The First 90 Days of a Moltbot Deployment

What actually happens after you turn it on, week by week. The milestones, the pitfalls, and what distinguishes successful rollouts.

March 25, 20267 min readThe Agaro Team

We have deployed Moltbot enough times that the pattern of the first 90 days is pretty clear. Here is the honest timeline.

Week 1. Install and initial content ingestion. The team is excited. First test questions work. The bot confidently answers something wrong. Nobody notices at first.

Week 2. The wrong answer gets caught by an attentive user. A bug report gets filed. The team starts to realise the bot is only as good as the content it has and the instructions it is given. The first round of tuning begins.

Week 3-4. Real usage starts. A few users try the bot every day. Most of them stop using it after the second or third bad answer. The usage logs show an alarming number of "I do not know" responses and an unsettling number of confidently wrong ones.
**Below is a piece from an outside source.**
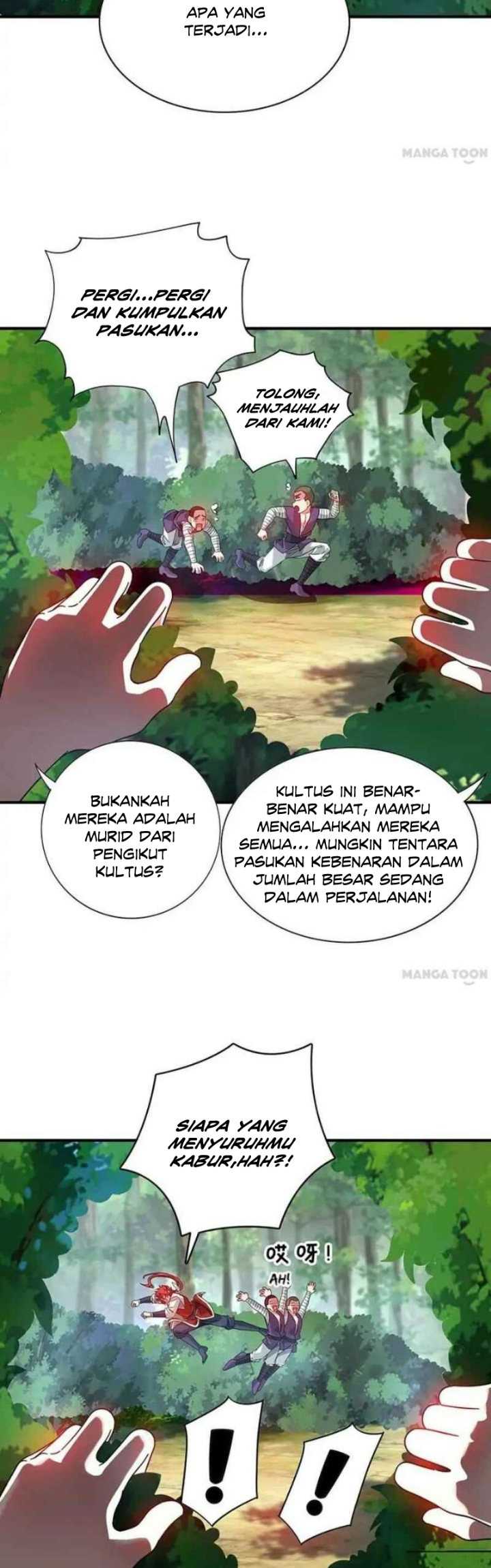 The First Son-In-Law Vanguard of All Time Chapter 213 Gambar 20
This is where many deployments die, because the team concludes "it does not work."

Week 5-6. The team that is going to succeed does not give up. They look at the logs. They identify the patterns of failure. They add content, rephrase prompts, adjust access permissions. Usage starts to recover.

Week 7-8. A few power users emerge. They find the bot genuinely useful for specific tasks. They become evangelists. Word starts to spread inside the org.

Week 9-10. The action layer gets wired up. Now the bot is not just answering questions, it is doing things. This is the unlock. Usage jumps significantly.

Week 11-12. The bot has become a normal part of how some team members work. The ROI starts to be visible, but it is distributed. It is not "we saved 1000 hours," it is "I personally save 20 minutes a day, and so do a bunch of my colleagues."

At the end of the 90 days, the deployments that succeeded are doing these things. They have someone whose job includes maintaining Moltbot. They have a weekly review of the usage logs. They are adding content and improving prompts continuously. They have wired up at least one action-taking capability.

The deployments that fail skipped one or more of those things. There is no other mystery. The technology is the same. The process is the difference.